President Trump issued a direct ultimatum to NATO allies on Thursday to reopen the Strait of Hormuz "within days," escalating pressure on a ceasefire process that has yet to produce a formal agreement. The demand came hours after he told reporters Iran was "doing a very poor job" cooperating with efforts to restore shipping through the world's most critical oil chokepoint.

The problem is that Trump's timeline and reality appear to be diverging. Ceasefire talks, described by Reuters as "shaky" as of April 10, have stalled without a signed deal. Defence Secretary Hegseth has already claimed victory. Congressional Republicans are bracing for a fight over the war's mounting costs. And the president himself swings between optimism about a peace deal and ultimatums that suggest one is nowhere close.

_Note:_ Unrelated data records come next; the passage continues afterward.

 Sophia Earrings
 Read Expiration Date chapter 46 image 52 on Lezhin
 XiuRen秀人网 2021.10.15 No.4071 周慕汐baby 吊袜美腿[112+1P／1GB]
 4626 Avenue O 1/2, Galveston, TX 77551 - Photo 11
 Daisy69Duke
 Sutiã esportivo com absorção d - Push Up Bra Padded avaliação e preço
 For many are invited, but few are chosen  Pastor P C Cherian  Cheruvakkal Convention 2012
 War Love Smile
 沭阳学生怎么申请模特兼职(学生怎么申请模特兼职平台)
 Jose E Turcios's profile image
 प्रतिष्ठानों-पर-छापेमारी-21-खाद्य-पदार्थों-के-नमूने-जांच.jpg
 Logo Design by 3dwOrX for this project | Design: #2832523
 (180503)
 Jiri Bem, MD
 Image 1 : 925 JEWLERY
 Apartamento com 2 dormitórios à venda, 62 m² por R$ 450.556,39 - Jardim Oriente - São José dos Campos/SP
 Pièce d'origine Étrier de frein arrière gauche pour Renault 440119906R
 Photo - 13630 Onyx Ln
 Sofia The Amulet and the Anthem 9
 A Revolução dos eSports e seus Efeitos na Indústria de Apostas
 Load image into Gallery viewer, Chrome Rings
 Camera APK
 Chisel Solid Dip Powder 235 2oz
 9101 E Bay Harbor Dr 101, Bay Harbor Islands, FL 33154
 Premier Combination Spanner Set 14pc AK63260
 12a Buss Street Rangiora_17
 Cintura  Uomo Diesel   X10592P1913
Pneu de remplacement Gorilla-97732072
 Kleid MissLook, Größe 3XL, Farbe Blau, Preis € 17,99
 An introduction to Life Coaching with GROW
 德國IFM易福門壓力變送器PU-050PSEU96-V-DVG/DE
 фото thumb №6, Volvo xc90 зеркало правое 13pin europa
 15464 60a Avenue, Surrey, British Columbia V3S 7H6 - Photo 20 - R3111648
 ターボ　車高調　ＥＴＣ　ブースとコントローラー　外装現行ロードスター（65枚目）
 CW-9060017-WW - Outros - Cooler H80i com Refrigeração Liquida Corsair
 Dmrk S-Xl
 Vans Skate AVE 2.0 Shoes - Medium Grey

Prediction markets reflect this confusion with unusual clarity. Traders on Polymarket give just an 11.5% chance that Trump announces an end to military operations by April 15, rising to 42% by April 30. That slope tells a specific story: if a resolution comes this month at all, it arrives in the final two weeks, not the "days" Trump is demanding. A permanent peace deal by April 22 sits at 12.5%, barely above noise.

But the sharpest signal sits in the gap between two related markets. The probability of operations ending by April 30 stands at 42%. The probability of Strait of Hormuz traffic returning to normal by the same date is just 18.5%. Traders are pricing something that most news coverage has collapsed into a single narrative: operations can nominally "end" while the Strait remains disrupted. A presidential announcement is not the same thing as restored shipping lanes, resumed insurance underwriting, or tanker captains willing to transit.

This distinction matters because the Hormuz ultimatum is, at its core, about commercial normalcy, not military posture. The Strait handles roughly a fifth of global oil trade. Every day it remains effectively closed or restricted, energy markets reprice risk across Europe and Asia. Trump's framing treats reopening as a binary switch. The market treats it as a process that lags well behind any ceasefire declaration.

The NATO dimension adds another layer of friction. By pressing European allies to physically secure the Strait, Trump is acknowledging that US forces alone cannot guarantee safe passage. That is an unusual admission from a president who has otherwise claimed unilateral success. It also creates a coordination problem: NATO members must agree on rules of engagement, burden-sharing, and legal frameworks for protecting commercial shipping in a contested waterway. None of that happens "within days."

Regime change, the maximalist outcome, is essentially off the table. Polymarket prices the fall of the Iranian government by April 30 at 2.9%. Taken together with the peace-deal odds, the market's composite picture is stark: traders expect neither transformation nor resolution this month. The most likely outcome is an operational pause dressed as progress, with the underlying strategic contest unresolved and the Strait still compromised.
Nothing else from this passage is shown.